* Your objective
Print the data exactly as written, but leave out each picture.

* Data extract
____________________
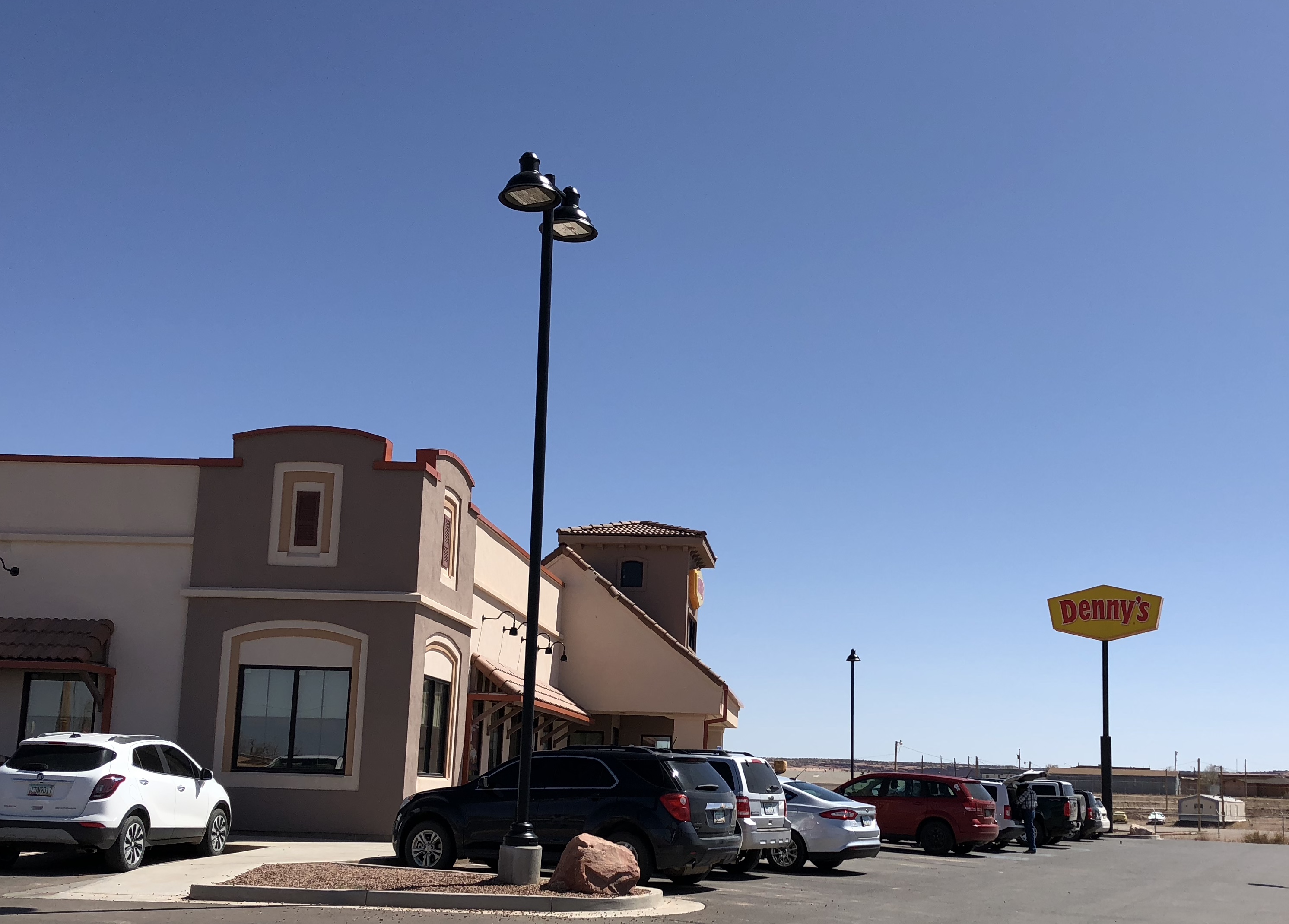 Exterior photo of Denny's in Chinle, Navajoland
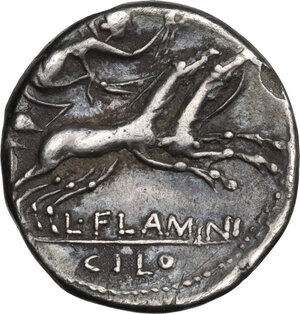 reverse: L. Flaminius Chilo. Denarius, 109 or 108 BC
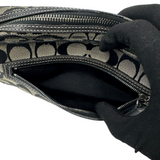 COACH BLACK SIGNATURE MINI CROSSBODY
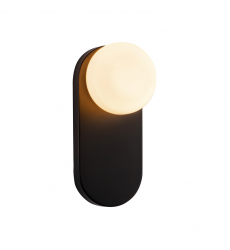WV425112MBOP-Ariel 12-in Matte Black/Opal Glass Socket Wall/Vanity Light WV425112MBOP-Ariel 12-in Matte Black/Opal Glass Socket Wall/Vanity Light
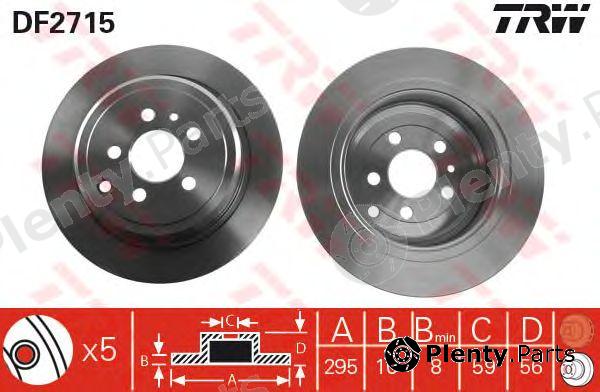  TRW part DF2715 Brake Disc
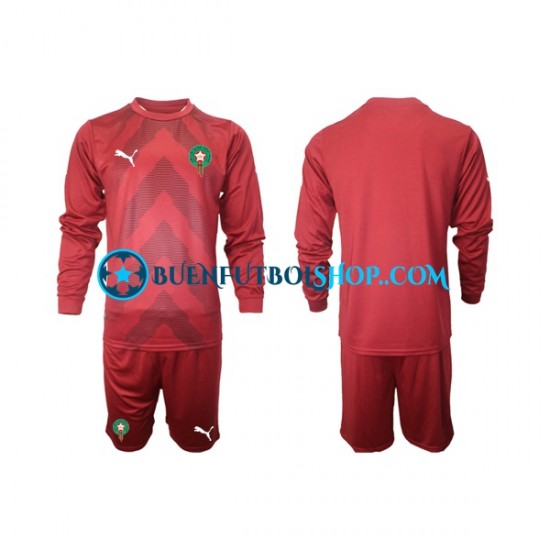 Camiseta de Fútbol Marruecos Portero 2022 Primera Equipación Manga Larga Niño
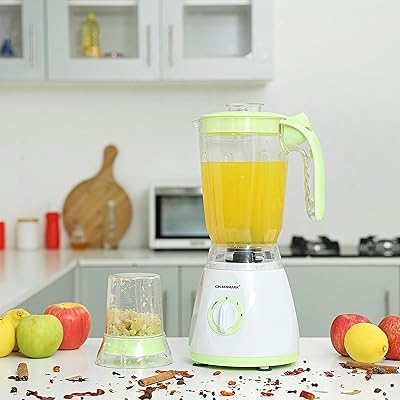 Mélangeur multifonction 2 en 1 oslin mark 450w - lames en acier inoxydable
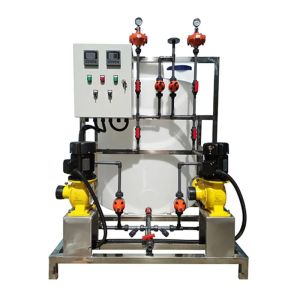 Integrated Vertical PE Automatic Chemical Dosing System 500L/H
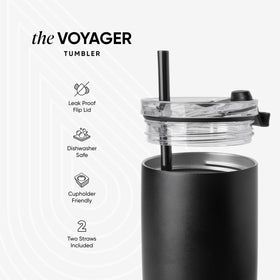 Simple Modern Voyager double-wall insulation preserves hot or cold beverages longer.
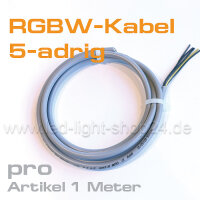 Kabel für RGBW Led Stripe 5-adrig nach LM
____________________
* Exercise output
 Exterior photo of Denny's in Chinle, Navajoland
 reverse: L. Flaminius Chilo. Denarius, 109 or 108 BC
 COACH BLACK SIGNATURE MINI CROSSBODY
WV425112MBOP-Ariel 12-in Matte Black/Opal Glass Socket Wall/Vanity Light WV425112MBOP-Ariel 12-in Matte Black/Opal Glass Socket Wall/Vanity Light
  TRW part DF2715 Brake Disc
 Camiseta de Fútbol Marruecos Portero 2022 Primera Equipación Manga Larga Niño
 Mélangeur multifonction 2 en 1 oslin mark 450w - lames en acier inoxydable
 Integrated Vertical PE Automatic Chemical Dosing System 500L/H
 Simple Modern Voyager double-wall insulation preserves hot or cold beverages longer.
 Kabel für RGBW Led Stripe 5-adrig nach LM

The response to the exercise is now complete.